Yard Work - Part Two: Armegedon

And The Trees Come Tumbling Down
Here's where we started - a nicely landscaped back yard with big silver maples. Granted, they are still wearing their winter coat of barren branches, but when summer arrives, the leaves provide us with much needed shade, especially since this is the West facing side of our home. We knew it was going to be a sad couple of days as these majestic trees joined their friends in tree heaven.

For two days, chain saws sawed, branch grinders ground, while a crazy man in a hydraulic bucket rained heavy chunks of wood down on my neatly manicured lawn leaving mini bomb craters all over.


Bonneville Aftermath
After a crew of 9 "Natural Resource Specialists" (aka unemployed loggers) had finished, a total of seven trees were downed so they would not endanger the precious power lines that pass approximately 300 feet over our property.


Battle Fatigue
Things are quiet now. Sawdust covers my house and workshop. My dog LB looks at me with the battle weary eyes of a tired combat veteran. My other dog Joey is employing a little known stress reduction technique - nibbling his front paws for hours. I'm drinking fermented grape juice and suppressing anarchistic thoughts.

All is well.

Wednesday, June 08, 2011

Yard Work - Part One: Redesigning Your Property For Free

The title says it all!
Now, doesn't this sound exciting? If you're into piles of wood, stumps, and mounds of duff (wood chips mixed with dirt and chunks of root) then you've come to the right place.
My hope is those who love sawdust don't even know this blog exists. But since our backyard has undergone such a drastic change, those "insiders" whose names begin with "J" will have a permanent record of an exceptional non-event in the life of their mother (whose first name coincidentally also begins with "J".)

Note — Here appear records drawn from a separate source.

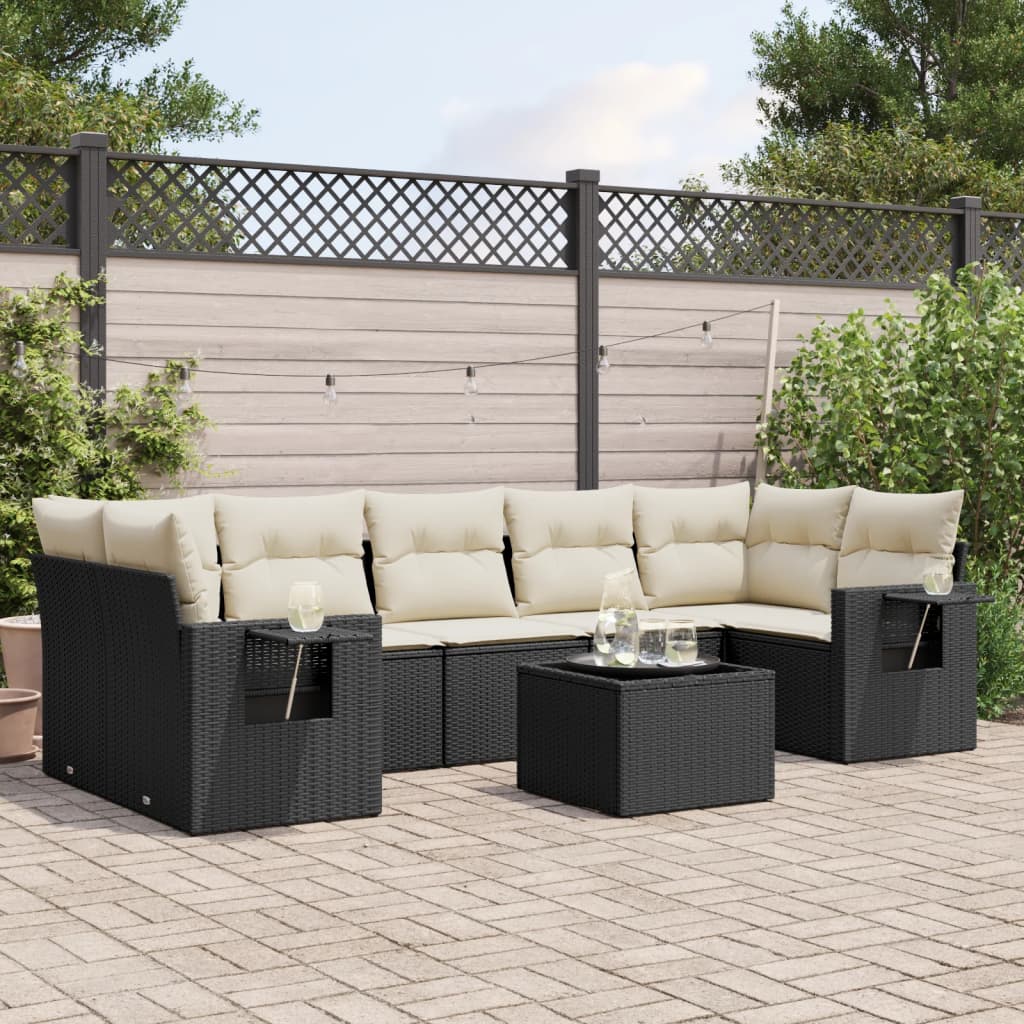 Set Divani da Giardino con Cuscini 8 pz Nero in Polyrattan - homemem39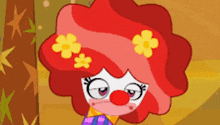 a clown with red hair and yellow flowers on her head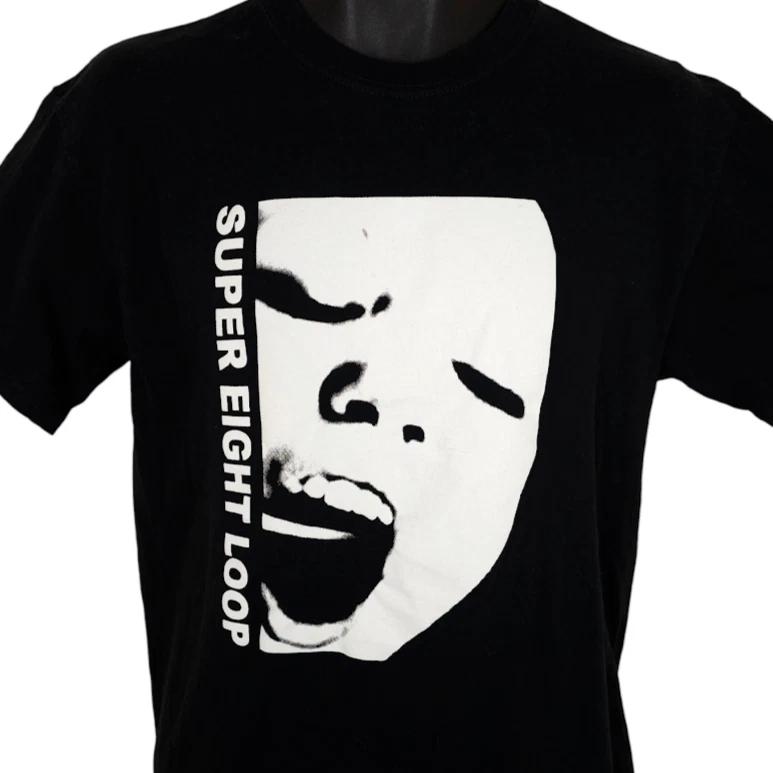 

Super Eight Loop 100% Cotton T-shirt Mens Tees Top Mens Size Medium Black Synth Music Face Band S
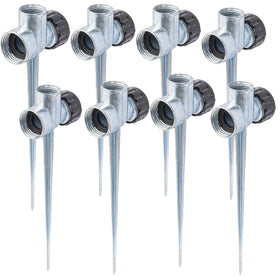 Hourleey sprinkler base 8-pack stakes for quick lawn irrigation and stable water flow.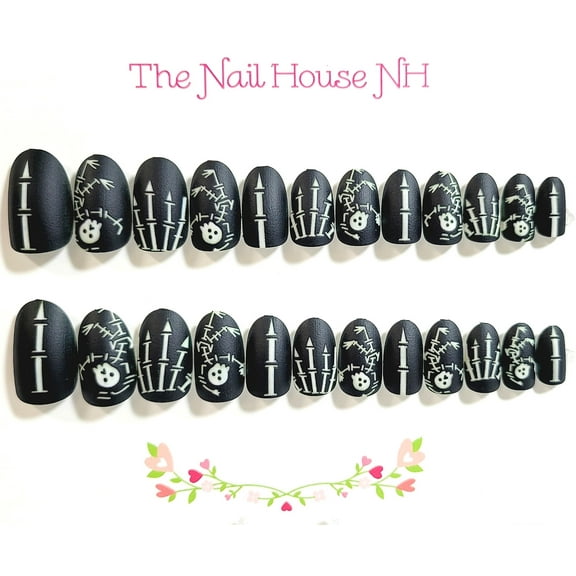 Bag O' Bones Matte Oval Press On Nails - 24 Pieces - Artificial Nail Kit - Halloween Nails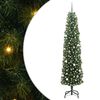 vidaXL Mű kar&aacute;csonyfa 300 LED-del Z&ouml;ld 240 cm PVC, ac&eacute;l &eacute;s műanyag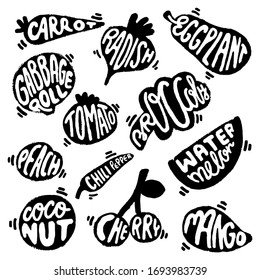 Set of vector black line vegetables, berries, fruits with text in its. White isolated background. Carrot, radish, eggplant, tomato, broccoli, peach, watermelon, chili pepper, cherry, mango, coconut.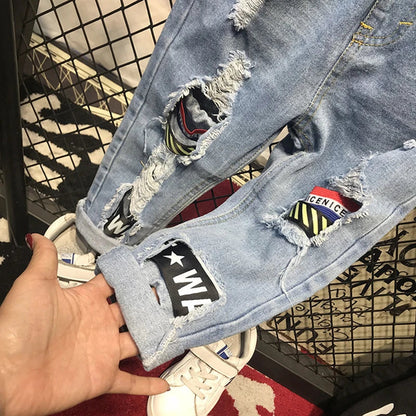 Boys Jeans Fashion Hole New Children Straight Cylinder Casual Jeans Spring Autumn Korean Style Elastic Waist Kids 3-8Ys Trousers Good Vibrations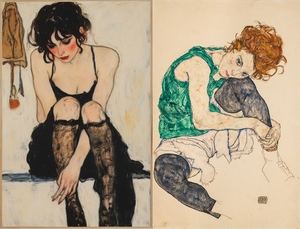 'Mujer sentada con la rodilla levantada' Un mismo titulo con una falsa atribución. A la izq. la imagen creada con IA. A la dcha. la obra original de Egon Schiele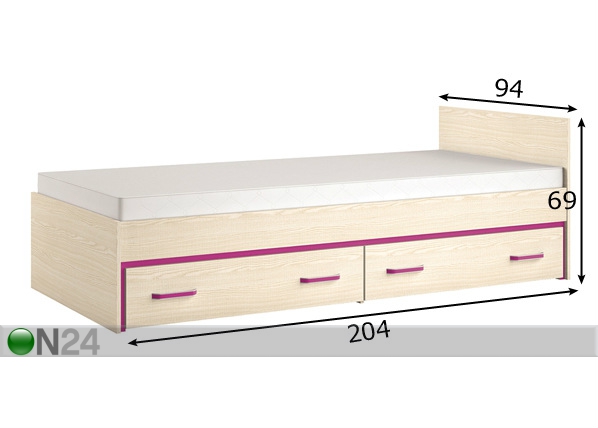 Кровать 90x200 cm размеры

The Arrival of Bonneville's hit man.
His name is Carlos and he's very polished and suave. He explains their new policy now excludes trimming branches under power lines and only includes total annihilation of trees living happily underneath. It does not matter their power lines are about 200 feet over our yard and that no tree would ever grow that high. No, no, that's way too logical. Since they have the legal right-of-way, we can only watch as our beautiful backyard becomes the latest clear-cut in Oregon. (Luckily, we have tons of them in our National Forests so we won't have to deal with campers and tourists at all hours!)

To Be Continued
The next installment will deal with the exciting (and epic) adventures of Father Time-Urban Forester as he navigates the eccentricities and mine-bending complexities of a Federal Government Agency. (Note to Homeland Security: I am old, weak, and helpless; a veteran, a true patriot, and devoted centrist. Do not fear me. That's my kid's job.)